Thank you for submitting your article "Insulin-like peptides and the mTOR-TFEB pathway protect C. elegans hermaphrodites from Mating-induced Death" for consideration by eLife. Your article has been reviewed by three peer reviewers, one of whom is a member of our Board of Reviewing Editors, and the evaluation has been overseen by Patricia Wittkopp as the Senior Editor. The following individual involved in review of your submission has agreed to reveal his identity: George Sutphin (Reviewer #2).
The reviewers have discussed the reviews with one another and the Reviewing Editor has drafted this decision to help you prepare a revised submission.
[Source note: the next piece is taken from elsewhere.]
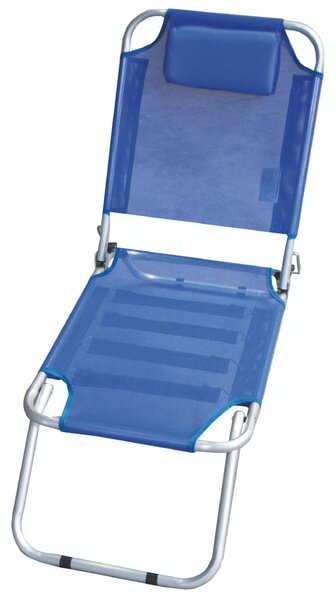 Sedia Mare Spiaggina Pieghevole con Cuscino in Alluminio Soriani Grecia Blu Melange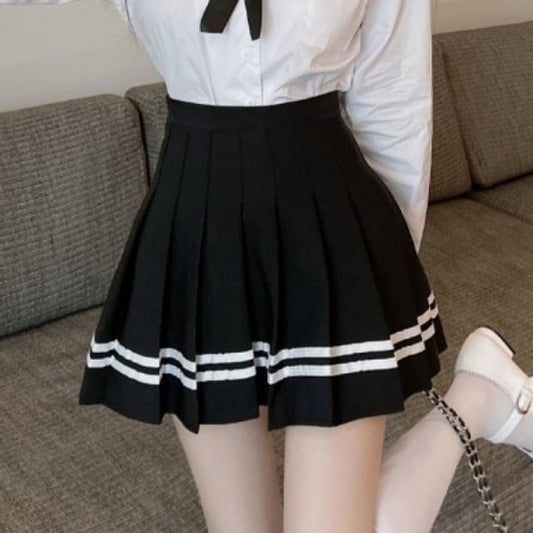 Elevated Waistband Striped Mini Pleat Skirt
All of the reviewers are in agreement that the work described here provides important insights into the mechanisms that control how mating influences health and longevity in worms and that it will be of general interest. However, some concerns were raised regarding experimental design, replication and statistics, and interpretation that the authors are encouraged to address prior to resubmission. In addition, the authors are encouraged to consider a more general readership who may not be experts in the prior literature or C. elegans genetic pathways when revising the text.
Essential revisions:
1) Statistics and replication: Few experiments were validated in triplicate in this work and many only included a single biological replicate. At an absolute minimum, all experiments should be performed with duplicate biological replicates and preferably the authors would meet the field standard of triplicate replication.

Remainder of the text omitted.